Malaysia has run a fiscal deficit since 1998 but managed to narrow the shortfall in each of the last eight years. The gap shrunk to 3 percent of gross domestic product in 2017, helped by the goods and services tax and higher oil prices for the crude exporter.
“We were positioned broadly neutral heading into the election, and intend to maintain this stance until we hear more clarity on the new government policy,” said Edward Ng, a fixed-income portfolio manager in Singapore at Nikko Asset Management Ltd., which oversaw about $212 billion at the end of December. “We will be looking closely at details on how the government intends to bring in the extra revenue to fund the proposed GST abolition.”
Fitch Ratings and Moody’s Investors Service have warned the proposed reforms will be viewed as credit negative if implemented without offsetting measures, with the finance ministry previously estimating that the GST contributed to about one-fifth of income.
Others such as Bank of America believe the risks are overstated as higher oil revenues and the reintroduction of a sales tax will cushion the impact.
The Pakatan Harapan coalition has sought to allay investor fears. Daim Zainuddin, a former finance minister and member of a government economic council, said the debt level won’t rise without the GST. In its election manifesto, the coalition had proposed setting up a sovereign wealth fund using profits from state-owned oil company Petroliam Nasional Bhd., a move that may help mitigate any shortfall in revenue.
Malaysia can meet its revenue requirements by increasing the public sector’s efficiency and seeking new sources of income, Zeti Akhtar Aziz, a former central bank governor and a member of the advisory team, told state news agency Bernama. She held briefings with the three main rating companies on Monday to provide clarity on policy direction.
The selldown in global emerging market assets has extended as the 10-year Treasury yield rose to its highest since 2011 on Tuesday, with investors including Goldman Sachs Asset Management expecting it to climb further.
There is the potential for more uncertainty. Mahathir, who imposed capital controls during the Asian financial crisis, said Tuesday he will not allow “fiddling” in the currency market, and his finance minister will need to be cleared of corruption charges before taking office.
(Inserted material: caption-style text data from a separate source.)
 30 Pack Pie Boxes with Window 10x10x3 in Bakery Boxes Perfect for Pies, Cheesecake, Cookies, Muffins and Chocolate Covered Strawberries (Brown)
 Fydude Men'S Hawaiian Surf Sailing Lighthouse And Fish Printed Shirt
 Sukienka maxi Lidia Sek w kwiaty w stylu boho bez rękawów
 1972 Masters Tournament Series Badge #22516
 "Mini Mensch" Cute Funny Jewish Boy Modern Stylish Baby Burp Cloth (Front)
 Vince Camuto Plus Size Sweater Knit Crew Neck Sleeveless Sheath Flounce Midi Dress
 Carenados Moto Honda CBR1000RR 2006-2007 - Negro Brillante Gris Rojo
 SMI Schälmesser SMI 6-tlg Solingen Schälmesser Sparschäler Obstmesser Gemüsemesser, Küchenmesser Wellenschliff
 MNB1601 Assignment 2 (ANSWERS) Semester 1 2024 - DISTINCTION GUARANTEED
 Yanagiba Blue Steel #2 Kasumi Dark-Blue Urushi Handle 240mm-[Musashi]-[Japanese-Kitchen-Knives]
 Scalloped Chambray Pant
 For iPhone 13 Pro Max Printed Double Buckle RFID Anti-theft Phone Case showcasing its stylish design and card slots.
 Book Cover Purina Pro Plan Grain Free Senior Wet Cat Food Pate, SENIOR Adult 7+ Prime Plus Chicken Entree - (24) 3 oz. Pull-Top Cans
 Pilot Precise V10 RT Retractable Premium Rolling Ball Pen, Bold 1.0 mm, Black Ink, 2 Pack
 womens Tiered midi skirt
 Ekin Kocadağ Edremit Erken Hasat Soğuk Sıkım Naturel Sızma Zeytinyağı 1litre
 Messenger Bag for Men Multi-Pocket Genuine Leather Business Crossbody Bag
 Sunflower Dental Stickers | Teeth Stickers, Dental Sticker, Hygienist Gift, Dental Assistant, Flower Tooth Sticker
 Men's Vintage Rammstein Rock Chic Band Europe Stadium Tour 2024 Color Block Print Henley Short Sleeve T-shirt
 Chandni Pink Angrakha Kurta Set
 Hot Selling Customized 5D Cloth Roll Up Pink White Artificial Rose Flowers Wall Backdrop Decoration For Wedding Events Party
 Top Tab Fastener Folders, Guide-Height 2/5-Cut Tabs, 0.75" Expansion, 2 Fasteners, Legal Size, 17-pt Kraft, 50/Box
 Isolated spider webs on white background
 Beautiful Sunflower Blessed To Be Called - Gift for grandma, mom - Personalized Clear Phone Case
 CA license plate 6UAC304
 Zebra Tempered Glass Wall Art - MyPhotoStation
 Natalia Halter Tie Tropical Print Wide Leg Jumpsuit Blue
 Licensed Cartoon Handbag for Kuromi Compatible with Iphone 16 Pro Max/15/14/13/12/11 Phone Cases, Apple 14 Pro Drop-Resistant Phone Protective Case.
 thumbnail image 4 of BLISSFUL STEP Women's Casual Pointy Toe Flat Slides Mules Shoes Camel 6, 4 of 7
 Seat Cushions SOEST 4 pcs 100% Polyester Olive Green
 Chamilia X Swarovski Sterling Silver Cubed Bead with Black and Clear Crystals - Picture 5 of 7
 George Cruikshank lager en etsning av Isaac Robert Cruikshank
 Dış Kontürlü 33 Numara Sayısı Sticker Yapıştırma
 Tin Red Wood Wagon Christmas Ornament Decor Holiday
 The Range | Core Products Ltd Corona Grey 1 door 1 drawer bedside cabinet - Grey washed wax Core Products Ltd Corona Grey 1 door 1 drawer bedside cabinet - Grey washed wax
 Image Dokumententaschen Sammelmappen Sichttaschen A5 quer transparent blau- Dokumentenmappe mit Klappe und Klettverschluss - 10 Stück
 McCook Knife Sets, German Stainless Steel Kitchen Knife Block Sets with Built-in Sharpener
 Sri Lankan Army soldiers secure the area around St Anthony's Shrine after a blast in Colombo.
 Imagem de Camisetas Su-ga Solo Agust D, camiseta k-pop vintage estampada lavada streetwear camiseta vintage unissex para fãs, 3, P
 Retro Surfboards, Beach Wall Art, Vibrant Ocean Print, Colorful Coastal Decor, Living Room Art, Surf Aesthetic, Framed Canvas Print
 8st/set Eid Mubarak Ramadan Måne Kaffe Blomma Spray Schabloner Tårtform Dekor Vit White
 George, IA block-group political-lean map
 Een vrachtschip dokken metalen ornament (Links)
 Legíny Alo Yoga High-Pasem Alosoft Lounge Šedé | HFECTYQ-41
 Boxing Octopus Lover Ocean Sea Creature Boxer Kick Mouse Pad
For Western Asset Management Co., the uncertainty is just the latest in a list of reasons why it’s wary of Malaysian securities. Concern about the adequacy of the nation’s foreign-exchange reserves and a scandal centered on state fund 1MDB have curbed the appeal.
“For some time, Malaysia’s fundamentals have been in a slow and steady decline,” said Desmond Soon, Singapore-based head of investment management for Asia ex-Japan at Western Asset. “There are other opportunities in the region which are backed by better fiscal and governance conditions.”
Markets have been volatile after the election, with the ringgit, bonds and stocks rebounding from early losses Monday. Local pension funds have been supportive of the assets, according to Oanda Corp. Other than saying that bond markets saw a “strong recovery,” the central bank didn’t elaborate.
The Financial Markets Committee, which is tasked with developing strategies for Malaysia’s bond and currency markets, said Tuesday the authorities will take measures to address any volatility and onshore markets are expected to remain stable and orderly.
Other investors are more sanguine. For BNP Paribas Asset Management, concerns about the election result may be tempered by the nation’s established economic policies.
“The main thing to watch ahead is how the new government articulates its fiscal policy plans,” said Jean-Charles Sambor, the firm’s London-based deputy head of emerging-market fixed-income. “What remains is will Mahathir alter spending and taxes, what will he propose on infrastructure projects, and how that shapes the country’s growth and debt trajectory.”